_PROBLEM DETAILS_
Every line from the start of the listing below through the line that contains "Molton Brown - Reviving" is to be reproduced word for word.

** Opening RAW DATA block **

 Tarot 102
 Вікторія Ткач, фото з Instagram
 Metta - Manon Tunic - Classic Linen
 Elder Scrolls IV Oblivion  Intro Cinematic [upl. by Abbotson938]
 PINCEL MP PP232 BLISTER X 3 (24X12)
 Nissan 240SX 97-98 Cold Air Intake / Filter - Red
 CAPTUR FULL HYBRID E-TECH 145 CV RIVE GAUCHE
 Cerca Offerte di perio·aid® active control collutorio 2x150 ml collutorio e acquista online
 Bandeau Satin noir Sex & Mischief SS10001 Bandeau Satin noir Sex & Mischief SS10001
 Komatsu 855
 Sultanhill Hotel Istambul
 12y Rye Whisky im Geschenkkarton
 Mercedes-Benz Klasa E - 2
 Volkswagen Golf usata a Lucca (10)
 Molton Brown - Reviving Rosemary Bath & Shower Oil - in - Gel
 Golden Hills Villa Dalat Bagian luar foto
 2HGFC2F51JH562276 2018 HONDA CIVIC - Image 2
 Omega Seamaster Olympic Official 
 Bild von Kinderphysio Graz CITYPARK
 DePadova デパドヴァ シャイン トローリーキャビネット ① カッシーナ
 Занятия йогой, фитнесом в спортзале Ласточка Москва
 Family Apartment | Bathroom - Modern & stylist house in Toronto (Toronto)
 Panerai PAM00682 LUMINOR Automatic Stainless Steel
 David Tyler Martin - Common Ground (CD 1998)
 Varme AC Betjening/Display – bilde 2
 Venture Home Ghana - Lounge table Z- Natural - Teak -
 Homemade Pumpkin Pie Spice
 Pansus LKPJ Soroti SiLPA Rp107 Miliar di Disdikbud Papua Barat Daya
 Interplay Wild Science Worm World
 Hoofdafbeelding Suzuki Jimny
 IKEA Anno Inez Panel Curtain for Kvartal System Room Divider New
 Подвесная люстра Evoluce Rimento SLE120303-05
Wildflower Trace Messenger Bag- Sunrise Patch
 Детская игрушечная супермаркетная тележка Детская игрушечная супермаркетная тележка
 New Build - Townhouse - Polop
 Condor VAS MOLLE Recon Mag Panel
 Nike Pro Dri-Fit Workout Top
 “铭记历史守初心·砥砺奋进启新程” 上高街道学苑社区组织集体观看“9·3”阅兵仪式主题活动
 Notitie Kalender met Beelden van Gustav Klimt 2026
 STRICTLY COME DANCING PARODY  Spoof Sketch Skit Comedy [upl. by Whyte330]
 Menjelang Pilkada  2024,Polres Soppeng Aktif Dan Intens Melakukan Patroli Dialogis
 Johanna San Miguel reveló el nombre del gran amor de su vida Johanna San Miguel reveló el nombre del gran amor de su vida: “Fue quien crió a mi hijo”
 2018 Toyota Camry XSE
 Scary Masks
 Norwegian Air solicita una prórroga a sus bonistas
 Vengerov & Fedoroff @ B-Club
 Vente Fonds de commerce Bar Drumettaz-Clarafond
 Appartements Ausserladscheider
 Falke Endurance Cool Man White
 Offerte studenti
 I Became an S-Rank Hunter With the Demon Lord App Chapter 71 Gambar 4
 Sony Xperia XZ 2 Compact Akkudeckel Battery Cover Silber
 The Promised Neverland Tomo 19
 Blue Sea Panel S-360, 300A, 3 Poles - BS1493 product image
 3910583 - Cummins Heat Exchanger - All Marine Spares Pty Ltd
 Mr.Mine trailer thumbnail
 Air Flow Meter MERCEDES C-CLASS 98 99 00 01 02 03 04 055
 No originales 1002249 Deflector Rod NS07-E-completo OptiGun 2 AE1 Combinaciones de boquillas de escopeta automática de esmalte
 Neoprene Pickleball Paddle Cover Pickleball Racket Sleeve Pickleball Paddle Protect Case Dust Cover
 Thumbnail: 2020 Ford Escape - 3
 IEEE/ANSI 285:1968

** Closing RAW DATA block **

_TASK RESPONSE_
 Tarot 102
 Вікторія Ткач, фото з Instagram
 Metta - Manon Tunic - Classic Linen
 Elder Scrolls IV Oblivion  Intro Cinematic [upl. by Abbotson938]
 PINCEL MP PP232 BLISTER X 3 (24X12)
 Nissan 240SX 97-98 Cold Air Intake / Filter - Red
 CAPTUR FULL HYBRID E-TECH 145 CV RIVE GAUCHE
 Cerca Offerte di perio·aid® active control collutorio 2x150 ml collutorio e acquista online
 Bandeau Satin noir Sex & Mischief SS10001 Bandeau Satin noir Sex & Mischief SS10001
 Komatsu 855
 Sultanhill Hotel Istambul
 12y Rye Whisky im Geschenkkarton
 Mercedes-Benz Klasa E - 2
 Volkswagen Golf usata a Lucca (10)
 Molton Brown - Reviving Rosemary Bath & Shower Oil - in - Gel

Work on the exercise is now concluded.